Who doesn’t love Napa? Just a short jaunt from San Francisco, one of our favorite cities in the world, the Napa Valley is a culinary center all it’s own. In St. Helena, this cozy, stylish and Architectural Digest-approved dining room (deemed “Ten Most Beautifully Designed”) opened just last spring. Already, we’re hearing great things about Archetype’s chef Ryder Zetts, whose wood-burning oven-centric cooking is drawing locals and traveling foodies alike.
Chef Zetts, who once whipped up dishes side-by-side with Michelin-starred Chef Brandon Shar, keeps the menu seasonal and locally-oriented. Lucky for diners, that means a table at Archetype quickly fills with plates of the best that Monterey Bay has to offer like grilled squid with saffron and produce-heavy starters and sides such as sugar snap peas with crispy rice and chanterelle-laced buckwheat blinis.
We asked Chef Zetts to share a recipe with our readers and he’s offered up this doozy. Cape gooseberries are about as fun as food gets – each berry wrapped in it’s own paper lantern-like sheath. Zetts’ recipe may seem aspirational, but with its many versatile uses it may be worth trying to use for dishes of all kinds. Here are notes from the chef himself…

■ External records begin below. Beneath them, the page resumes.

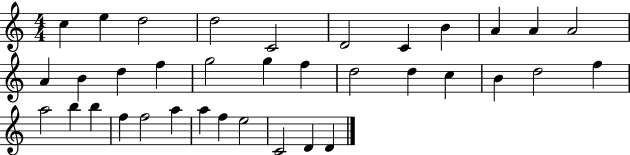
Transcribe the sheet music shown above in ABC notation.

X:1
T:Untitled
M:4/4
L:1/4
K:C
c e d2 d2 C2 D2 C B A A A2 A B d f g2 g f d2 d c B d2 f a2 b b f f2 a a f e2 C2 D D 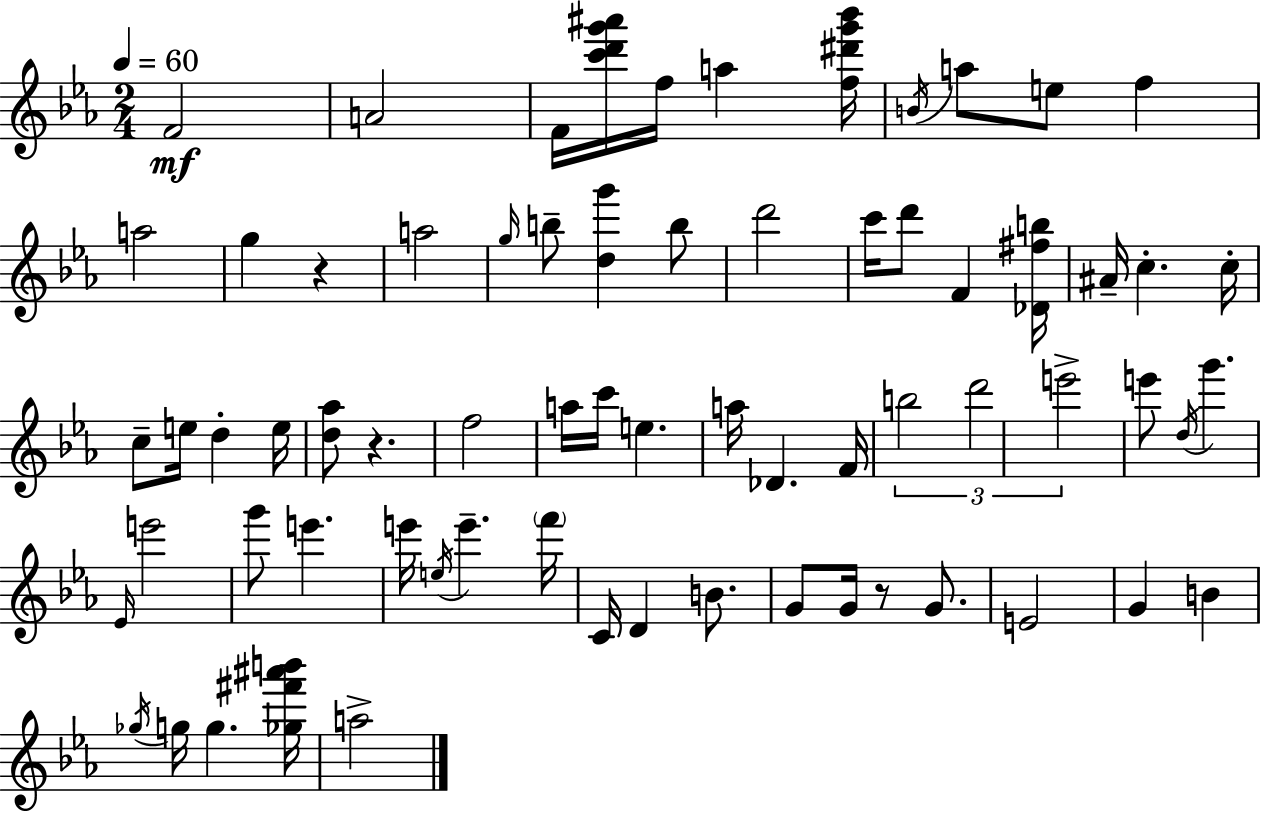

This is a fun recipe to make on several levels. Cape gooseberries are in the physalis family, which also has tomatillos as its cousin. It’s fun to pair these two into a salsa with the earthy, musty flavor of hominy providing a nice compliment to the versatile tortilla chip. My family grows gooseberries every year, as the plant tends to reseed itself very easily. The best fruits are the ones that, when they are ripe enough, they just fall to the ground. This salsa can be eaten alone or pairs lovely with a steamed white fish such as snapper or grilled pork loin. This dish covers the gamut of flavors from sweet and sour to earthy and spicy.